While Canada’s 2004 Assisted Human Reproduction Act (AHR Act) prohibits for-profit surrogacy in Canada as well as exchanging money for the arrangement of the services of a surrogate mother, this has not stopped Canadian surrogate agencies from providing “surrogacy services” for exorbitant fees that could cost the “intended parent” tens of thousands of dollars.

“We recommend intended parents have at least $60,000 budgeted to do gestational surrogacy in Canada,” Rhoads-Heinrich’s website states.

While Canadian law, except in Quebec, allows for ‘altruistic’ surrogacy where the surrogate mother receives no fee for carrying somebody else’s child, agencies such as Surrogacy in Canada Online claim that surrogate mothers can claim expenses such as “lost wages” that they say could amount to $25,000 and more.

Alison Motluk writing in Toronto Life called it a “stretch” to suggest that surrogacy in Canada is non-commercial.

Despite having laws to curb commercial surrogacy, it was not until last year that Canada’s first conviction under the AHR Act took place. Ontario fertility agency owner Leia Picard pleaded guilty to purchasing women’s eggs, paying surrogates for their services, and taking money to arrange surrogacies. She was convicted under the AHR Act and fined a combined $60,000. Court documents show that Picard, who ran Canadian Fertility Consultants at that time, paid a fee per month to surrogates regardless of actual expenses incurred and for expenses unrelated to surrogacy.

To govern what expenses can be legitimately claimed by surrogates and donors under the AHR Act, a draft set of standards have been recently put forth by The Canadian Standards Association (CSA), an independent organization. Fertility agencies say they are not pleased since the standards could dry up all business. CSA is accepting public comment on the proposed changes until September 15.

While surrogacy is often portrayed by its advocates as a win-win situation for both intended parents and the surrogate mother, evidence reveals a darker side to the process, especially when it comes to the well-being of the child.

In 2014, Jessica Kern, who was a child born of a surrogate mother, told LifeSiteNews that her life story exemplifies why surrogacy is “wrong.” After Kern was born, her birth mother fled with her out of state to avoid having to give the child to her biological parents who had paid for the service. Kern’s discovery of her origins in her teenage years left her devastated and feeling like a commodity.

“It really is the buying and selling of babies, and the commodification of women’s bodies,” she told LifeSiteNews at that time.

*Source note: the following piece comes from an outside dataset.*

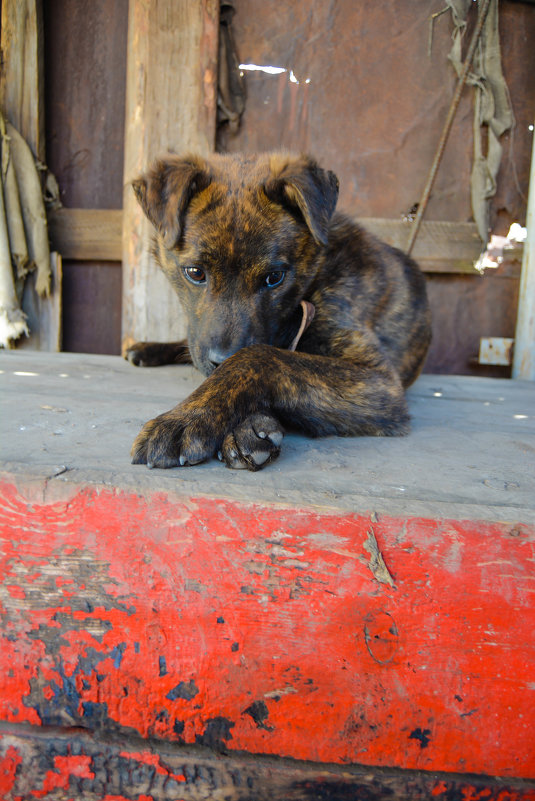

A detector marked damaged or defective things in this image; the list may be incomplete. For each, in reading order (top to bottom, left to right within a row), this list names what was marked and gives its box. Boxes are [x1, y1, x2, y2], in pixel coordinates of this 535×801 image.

peeling red paint [0, 478, 532, 780]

While it is not surprising that surrogate mothers experience loss for the children they carried for nine months, it is now coming to light that children removed from their surrogate mothers experience what psychotherapist Nancy Verrier describes as the “primal wound,” which is the title of her book on the subject.

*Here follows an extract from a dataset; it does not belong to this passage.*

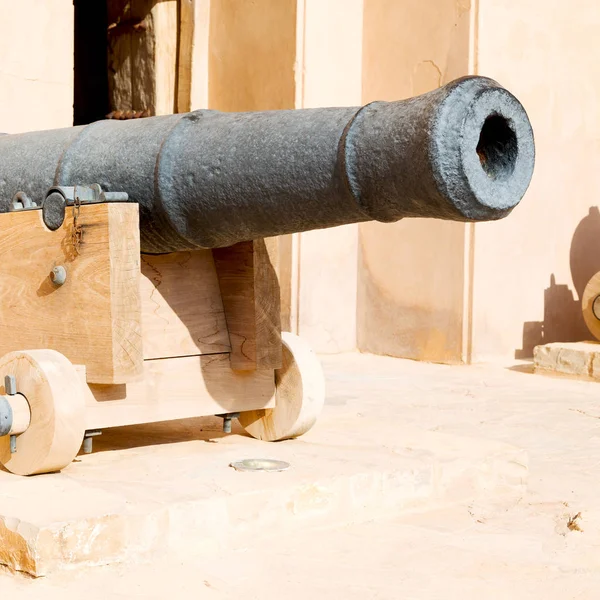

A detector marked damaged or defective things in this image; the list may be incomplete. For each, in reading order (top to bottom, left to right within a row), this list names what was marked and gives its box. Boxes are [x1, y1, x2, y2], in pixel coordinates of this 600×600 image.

rusted metal barrel [0, 75, 536, 253]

“The primal wound is what happens when you separate a baby and its mother,” she said in a 2014 interview. “Babies know their own mother through all their senses, and when for some reason … the baby is separated from that mother, the prenatal bonding is interrupted, there is a trauma that happens to both the baby and the mother, and they both feel as if something is missing within them.”

In a 2014 documentary titled Breeders: A Subclass of Women, producer Jennifer Lahl, who is president of the Center for Bioethics and Culture, interviewed both surrogates and children born from surrogacy. The documentary reveals how surrogacy degrades pregnancy to a service while turning a baby into a commercial product.

Lahl told LifeSiteNews that Canada should follow Germany, Italy and France and ban surrogacy completely.

“The exploitation of low income women and the trafficking of babies is a serious concern. It is literally, the buying and selling of children.”

“Make no mistake, it is the rich who buy and the poor who sell – and the ‘product’ is a child. While Canada is concerned about the financial drain on their national healthcare system, the solution is to stop surrogacy now. Nothing less will solve this human rights abuse,” she said.